Toll-like receptor 3 activation increases voluntary alcohol intake in C57BL/6J male mice.

Many genes differentially expressed in brain tissue from human alcoholics and animals that have consumed large amounts of alcohol are components of the innate immune toll-like receptor (TLR) pathway. TLRs initiate inflammatory responses via two branches: (1) MyD88-dependent or (2) TRIF-dependent. All TLRs signal through MyD88 except TLR3. Prior work demonstrated a direct role for MyD88-dependent signaling in regulation of alcohol consumption. However, the role of TLR3 as a potential regulator of excessive alcohol drinking has not previously been investigated.
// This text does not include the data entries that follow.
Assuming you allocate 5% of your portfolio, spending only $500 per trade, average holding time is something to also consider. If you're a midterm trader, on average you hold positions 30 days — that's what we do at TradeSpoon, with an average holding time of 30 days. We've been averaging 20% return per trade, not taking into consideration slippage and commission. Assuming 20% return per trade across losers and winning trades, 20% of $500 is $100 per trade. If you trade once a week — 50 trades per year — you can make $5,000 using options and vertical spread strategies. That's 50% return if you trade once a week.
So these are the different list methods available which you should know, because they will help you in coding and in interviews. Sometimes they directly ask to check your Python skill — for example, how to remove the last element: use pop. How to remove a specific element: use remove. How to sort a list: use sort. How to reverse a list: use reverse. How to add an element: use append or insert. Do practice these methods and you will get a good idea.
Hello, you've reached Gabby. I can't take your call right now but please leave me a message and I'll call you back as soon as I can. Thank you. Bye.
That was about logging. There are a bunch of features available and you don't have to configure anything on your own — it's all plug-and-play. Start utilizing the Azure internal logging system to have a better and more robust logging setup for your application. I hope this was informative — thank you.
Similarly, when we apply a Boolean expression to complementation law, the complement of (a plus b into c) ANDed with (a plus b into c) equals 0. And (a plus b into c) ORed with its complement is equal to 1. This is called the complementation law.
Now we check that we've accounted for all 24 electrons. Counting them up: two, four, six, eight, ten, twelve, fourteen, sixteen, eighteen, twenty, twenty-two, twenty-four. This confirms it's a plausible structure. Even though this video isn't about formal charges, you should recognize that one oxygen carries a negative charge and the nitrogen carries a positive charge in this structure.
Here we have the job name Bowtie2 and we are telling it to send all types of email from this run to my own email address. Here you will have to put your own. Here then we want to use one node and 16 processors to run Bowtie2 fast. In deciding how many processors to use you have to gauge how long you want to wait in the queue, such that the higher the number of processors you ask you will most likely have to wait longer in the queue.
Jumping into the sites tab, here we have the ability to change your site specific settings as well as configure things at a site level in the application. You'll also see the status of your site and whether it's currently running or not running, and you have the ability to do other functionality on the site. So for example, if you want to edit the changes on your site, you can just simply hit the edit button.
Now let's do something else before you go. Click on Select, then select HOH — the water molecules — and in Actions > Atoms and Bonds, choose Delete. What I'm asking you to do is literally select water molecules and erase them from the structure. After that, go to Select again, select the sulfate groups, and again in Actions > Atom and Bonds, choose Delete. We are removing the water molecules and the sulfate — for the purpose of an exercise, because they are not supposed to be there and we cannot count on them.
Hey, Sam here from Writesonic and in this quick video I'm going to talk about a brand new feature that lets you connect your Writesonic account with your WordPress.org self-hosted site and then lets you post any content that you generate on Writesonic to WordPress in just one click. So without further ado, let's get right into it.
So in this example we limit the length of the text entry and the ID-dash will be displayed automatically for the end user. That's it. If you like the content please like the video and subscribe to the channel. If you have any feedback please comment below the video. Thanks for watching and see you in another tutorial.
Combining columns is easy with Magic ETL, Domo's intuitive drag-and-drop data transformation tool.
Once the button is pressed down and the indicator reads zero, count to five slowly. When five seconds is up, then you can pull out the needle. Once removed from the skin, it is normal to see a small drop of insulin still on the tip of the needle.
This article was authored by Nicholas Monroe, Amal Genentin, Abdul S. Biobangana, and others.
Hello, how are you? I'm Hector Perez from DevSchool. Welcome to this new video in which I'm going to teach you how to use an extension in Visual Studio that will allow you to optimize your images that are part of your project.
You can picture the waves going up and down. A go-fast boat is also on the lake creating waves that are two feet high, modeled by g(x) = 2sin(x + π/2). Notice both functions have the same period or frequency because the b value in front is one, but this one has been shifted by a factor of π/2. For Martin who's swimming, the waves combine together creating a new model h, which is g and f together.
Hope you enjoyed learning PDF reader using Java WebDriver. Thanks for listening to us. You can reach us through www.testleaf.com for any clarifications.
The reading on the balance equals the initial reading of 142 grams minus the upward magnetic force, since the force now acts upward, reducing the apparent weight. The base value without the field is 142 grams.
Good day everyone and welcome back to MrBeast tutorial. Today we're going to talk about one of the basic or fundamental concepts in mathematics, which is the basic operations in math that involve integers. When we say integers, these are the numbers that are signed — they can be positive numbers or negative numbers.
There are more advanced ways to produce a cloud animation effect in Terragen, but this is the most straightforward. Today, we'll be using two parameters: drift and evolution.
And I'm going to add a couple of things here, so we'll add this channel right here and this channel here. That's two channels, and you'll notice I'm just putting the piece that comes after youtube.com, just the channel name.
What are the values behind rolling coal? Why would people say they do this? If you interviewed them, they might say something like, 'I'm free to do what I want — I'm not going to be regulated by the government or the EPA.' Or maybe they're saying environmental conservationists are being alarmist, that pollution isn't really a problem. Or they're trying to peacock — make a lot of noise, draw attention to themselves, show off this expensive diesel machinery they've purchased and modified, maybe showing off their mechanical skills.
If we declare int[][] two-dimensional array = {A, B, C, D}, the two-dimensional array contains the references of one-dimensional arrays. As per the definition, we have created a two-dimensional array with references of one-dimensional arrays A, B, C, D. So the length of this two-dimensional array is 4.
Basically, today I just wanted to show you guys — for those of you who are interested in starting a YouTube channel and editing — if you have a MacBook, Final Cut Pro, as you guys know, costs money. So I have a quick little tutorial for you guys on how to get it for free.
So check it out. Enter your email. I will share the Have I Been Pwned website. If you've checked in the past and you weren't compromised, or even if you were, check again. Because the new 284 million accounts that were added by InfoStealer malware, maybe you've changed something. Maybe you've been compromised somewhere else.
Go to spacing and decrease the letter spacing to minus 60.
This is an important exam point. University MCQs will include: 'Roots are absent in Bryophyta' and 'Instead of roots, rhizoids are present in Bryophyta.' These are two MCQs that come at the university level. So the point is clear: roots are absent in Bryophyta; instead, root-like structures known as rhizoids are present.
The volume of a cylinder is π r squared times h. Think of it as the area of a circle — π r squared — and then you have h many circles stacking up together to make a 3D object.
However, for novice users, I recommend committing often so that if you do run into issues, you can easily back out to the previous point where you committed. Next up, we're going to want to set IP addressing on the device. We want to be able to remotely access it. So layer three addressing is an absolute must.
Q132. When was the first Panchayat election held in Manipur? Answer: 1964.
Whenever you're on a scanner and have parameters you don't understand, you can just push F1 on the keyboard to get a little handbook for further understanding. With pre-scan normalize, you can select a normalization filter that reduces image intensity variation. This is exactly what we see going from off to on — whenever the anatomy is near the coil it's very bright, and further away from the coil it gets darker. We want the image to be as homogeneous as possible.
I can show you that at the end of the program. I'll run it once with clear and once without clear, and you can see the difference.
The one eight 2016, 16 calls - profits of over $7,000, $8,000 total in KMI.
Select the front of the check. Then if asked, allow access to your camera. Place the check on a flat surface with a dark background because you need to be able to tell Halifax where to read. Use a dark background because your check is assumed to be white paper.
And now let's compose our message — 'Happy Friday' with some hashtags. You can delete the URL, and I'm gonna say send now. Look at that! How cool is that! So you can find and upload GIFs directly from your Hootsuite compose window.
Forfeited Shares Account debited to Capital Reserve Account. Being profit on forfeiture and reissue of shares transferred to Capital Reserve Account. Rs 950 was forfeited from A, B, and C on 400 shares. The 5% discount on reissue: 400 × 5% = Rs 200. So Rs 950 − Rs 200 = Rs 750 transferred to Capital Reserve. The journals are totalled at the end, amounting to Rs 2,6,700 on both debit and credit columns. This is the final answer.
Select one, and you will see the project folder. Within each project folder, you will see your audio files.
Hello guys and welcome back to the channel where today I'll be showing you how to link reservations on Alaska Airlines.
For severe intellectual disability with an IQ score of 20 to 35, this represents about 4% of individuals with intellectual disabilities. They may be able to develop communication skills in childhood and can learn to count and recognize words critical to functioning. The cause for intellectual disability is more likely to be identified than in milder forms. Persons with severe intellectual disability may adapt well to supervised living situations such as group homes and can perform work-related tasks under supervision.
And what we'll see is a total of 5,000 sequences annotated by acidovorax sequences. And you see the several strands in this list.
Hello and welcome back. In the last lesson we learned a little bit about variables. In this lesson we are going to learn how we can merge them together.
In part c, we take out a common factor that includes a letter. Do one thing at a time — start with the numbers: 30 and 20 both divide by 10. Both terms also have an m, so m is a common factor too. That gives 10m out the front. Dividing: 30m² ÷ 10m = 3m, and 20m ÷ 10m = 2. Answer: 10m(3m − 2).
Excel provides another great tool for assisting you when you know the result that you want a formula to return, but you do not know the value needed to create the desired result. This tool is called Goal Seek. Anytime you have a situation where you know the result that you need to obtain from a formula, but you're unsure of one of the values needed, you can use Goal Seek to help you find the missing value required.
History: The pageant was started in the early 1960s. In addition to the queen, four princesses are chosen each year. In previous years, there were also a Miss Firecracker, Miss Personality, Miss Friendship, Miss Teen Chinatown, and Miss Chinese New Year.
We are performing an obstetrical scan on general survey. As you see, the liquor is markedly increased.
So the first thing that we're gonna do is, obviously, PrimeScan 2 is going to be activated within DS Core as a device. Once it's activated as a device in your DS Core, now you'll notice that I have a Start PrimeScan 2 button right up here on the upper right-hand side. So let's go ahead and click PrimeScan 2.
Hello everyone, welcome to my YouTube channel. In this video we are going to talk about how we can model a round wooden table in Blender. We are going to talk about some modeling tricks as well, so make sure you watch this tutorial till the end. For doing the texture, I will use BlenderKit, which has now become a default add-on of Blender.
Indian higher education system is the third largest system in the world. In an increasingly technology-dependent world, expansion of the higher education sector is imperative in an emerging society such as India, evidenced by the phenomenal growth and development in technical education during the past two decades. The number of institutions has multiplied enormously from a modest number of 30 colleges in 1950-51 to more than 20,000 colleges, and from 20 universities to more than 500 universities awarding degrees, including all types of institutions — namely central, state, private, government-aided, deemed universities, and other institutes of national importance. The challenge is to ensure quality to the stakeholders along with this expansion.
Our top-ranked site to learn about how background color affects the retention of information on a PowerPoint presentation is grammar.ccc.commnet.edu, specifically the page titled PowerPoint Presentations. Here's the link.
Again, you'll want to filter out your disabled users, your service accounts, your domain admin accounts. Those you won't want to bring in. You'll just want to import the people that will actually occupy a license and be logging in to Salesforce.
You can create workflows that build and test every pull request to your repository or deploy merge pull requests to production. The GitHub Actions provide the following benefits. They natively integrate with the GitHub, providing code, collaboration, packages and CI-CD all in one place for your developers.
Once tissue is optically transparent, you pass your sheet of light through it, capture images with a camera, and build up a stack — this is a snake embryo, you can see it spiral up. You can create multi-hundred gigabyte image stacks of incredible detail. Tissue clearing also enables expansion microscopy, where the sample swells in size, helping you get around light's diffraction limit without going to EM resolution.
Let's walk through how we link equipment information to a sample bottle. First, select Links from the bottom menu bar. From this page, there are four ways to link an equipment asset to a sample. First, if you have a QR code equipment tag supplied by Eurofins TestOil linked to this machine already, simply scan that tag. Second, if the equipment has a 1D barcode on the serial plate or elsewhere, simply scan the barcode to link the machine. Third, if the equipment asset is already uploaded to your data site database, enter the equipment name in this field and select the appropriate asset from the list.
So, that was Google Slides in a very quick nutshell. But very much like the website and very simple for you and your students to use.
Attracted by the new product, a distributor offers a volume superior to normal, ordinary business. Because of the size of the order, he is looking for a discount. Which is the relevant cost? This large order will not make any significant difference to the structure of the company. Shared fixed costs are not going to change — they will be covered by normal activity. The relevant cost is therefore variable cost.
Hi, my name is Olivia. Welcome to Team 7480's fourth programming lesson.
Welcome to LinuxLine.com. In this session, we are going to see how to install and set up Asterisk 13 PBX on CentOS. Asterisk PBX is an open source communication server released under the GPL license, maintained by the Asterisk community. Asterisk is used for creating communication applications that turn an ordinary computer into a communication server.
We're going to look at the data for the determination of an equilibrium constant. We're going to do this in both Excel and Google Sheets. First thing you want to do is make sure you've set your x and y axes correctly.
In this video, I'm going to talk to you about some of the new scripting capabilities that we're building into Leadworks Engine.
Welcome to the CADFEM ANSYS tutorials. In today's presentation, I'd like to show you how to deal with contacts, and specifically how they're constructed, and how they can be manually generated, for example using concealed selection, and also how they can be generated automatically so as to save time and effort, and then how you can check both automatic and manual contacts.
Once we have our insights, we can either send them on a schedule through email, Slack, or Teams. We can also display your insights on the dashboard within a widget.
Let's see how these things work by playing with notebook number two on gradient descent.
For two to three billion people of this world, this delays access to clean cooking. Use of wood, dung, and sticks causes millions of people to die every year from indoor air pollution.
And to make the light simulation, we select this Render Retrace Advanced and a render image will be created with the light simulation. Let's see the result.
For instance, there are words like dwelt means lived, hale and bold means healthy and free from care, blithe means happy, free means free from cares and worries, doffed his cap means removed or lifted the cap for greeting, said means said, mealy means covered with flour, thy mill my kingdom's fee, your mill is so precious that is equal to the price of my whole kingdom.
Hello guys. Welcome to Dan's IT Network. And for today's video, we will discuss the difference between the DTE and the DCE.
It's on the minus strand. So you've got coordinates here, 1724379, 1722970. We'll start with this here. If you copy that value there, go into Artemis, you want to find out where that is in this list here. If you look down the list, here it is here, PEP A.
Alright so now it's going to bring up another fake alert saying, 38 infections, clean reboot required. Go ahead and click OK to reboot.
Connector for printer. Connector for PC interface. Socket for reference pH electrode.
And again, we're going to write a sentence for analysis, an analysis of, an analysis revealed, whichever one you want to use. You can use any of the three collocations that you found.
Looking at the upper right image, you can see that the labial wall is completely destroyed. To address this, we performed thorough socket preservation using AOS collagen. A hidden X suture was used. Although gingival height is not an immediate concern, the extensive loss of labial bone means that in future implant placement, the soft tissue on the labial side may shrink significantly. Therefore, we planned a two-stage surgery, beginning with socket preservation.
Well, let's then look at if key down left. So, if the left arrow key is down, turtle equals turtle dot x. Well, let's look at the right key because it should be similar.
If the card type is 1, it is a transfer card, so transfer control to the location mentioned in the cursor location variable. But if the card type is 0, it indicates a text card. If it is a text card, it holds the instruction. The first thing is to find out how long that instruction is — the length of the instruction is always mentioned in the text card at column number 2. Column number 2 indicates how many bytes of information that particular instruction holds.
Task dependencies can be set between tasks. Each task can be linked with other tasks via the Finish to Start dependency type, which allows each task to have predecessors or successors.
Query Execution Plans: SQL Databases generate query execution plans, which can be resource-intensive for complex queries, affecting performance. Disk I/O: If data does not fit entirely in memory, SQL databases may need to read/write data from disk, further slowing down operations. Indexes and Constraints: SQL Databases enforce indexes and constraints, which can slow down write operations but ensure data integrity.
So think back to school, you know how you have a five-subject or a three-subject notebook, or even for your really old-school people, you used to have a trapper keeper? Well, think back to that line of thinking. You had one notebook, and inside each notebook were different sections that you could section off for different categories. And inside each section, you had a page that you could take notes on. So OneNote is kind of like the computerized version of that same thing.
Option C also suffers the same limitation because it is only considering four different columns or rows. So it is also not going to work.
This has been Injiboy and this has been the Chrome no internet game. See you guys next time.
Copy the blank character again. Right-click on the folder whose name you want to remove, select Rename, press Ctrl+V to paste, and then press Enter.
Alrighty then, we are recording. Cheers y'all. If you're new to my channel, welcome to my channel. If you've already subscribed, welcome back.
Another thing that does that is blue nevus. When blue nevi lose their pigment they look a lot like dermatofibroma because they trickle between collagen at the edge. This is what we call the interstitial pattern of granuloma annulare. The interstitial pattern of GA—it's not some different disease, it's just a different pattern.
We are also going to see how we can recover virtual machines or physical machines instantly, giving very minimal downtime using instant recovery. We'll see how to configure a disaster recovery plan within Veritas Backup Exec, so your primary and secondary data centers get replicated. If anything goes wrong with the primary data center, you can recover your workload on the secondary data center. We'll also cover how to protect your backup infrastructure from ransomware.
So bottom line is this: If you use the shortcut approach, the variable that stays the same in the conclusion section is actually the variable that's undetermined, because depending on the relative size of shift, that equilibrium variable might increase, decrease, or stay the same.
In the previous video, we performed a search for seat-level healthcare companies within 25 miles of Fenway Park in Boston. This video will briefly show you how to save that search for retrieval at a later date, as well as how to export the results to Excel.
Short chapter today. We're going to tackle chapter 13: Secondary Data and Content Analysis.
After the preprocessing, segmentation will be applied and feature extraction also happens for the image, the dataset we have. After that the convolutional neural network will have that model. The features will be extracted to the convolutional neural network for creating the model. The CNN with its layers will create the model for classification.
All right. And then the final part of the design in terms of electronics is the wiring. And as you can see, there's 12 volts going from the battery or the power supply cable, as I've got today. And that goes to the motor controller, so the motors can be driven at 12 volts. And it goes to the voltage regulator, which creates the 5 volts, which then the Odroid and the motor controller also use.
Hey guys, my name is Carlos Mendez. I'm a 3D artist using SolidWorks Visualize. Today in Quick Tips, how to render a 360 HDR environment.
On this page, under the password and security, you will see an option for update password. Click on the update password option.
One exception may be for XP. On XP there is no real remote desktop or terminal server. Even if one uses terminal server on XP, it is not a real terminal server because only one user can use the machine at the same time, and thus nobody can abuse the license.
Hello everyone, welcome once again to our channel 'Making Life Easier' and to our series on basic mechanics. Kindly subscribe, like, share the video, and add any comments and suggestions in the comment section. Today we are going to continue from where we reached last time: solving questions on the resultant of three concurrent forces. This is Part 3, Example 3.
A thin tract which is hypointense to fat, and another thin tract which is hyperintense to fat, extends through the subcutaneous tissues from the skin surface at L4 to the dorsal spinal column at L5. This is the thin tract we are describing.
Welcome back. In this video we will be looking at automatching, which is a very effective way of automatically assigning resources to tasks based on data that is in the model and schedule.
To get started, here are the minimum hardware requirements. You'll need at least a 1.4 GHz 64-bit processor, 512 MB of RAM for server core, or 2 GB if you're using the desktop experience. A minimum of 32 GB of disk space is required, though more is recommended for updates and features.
To test the possibility TLR3 activation regulates alcohol consumption, we injected mice with the TLR3 agonist polyinosinic:polycytidylic acid (poly(I:C)) and tested alcohol consumption in an every-other-day two-bottle choice test. Poly(I:C) produced a persistent increase in alcohol intake that developed over several days. Repeated poly(I:C) and ethanol exposure altered innate immune transcript abundance; increased levels of TRIF-dependent pathway components correlated with increased alcohol consumption. Administration of poly(I:C) before exposure to alcohol did not alter alcohol intake, suggesting that poly(I:C) and ethanol must be present together to change drinking behavior. To determine which branch of TLR signaling mediates poly(I:C)-induced changes in drinking behavior, we tested either mice lacking MyD88 or mice administered a TLR3/dsRNA complex inhibitor. MyD88 null mutants showed poly(I:C)-induced increases in alcohol intake. In contrast, mice pretreated with a TLR3/dsRNA complex inhibitor reduced their alcohol intake, suggesting poly(I:C)-induced escalations in alcohol intake are, at least partially, dependent on TLR3. Together, these results strongly suggest that TLR3-dependent signaling drives excessive alcohol drinking behavior.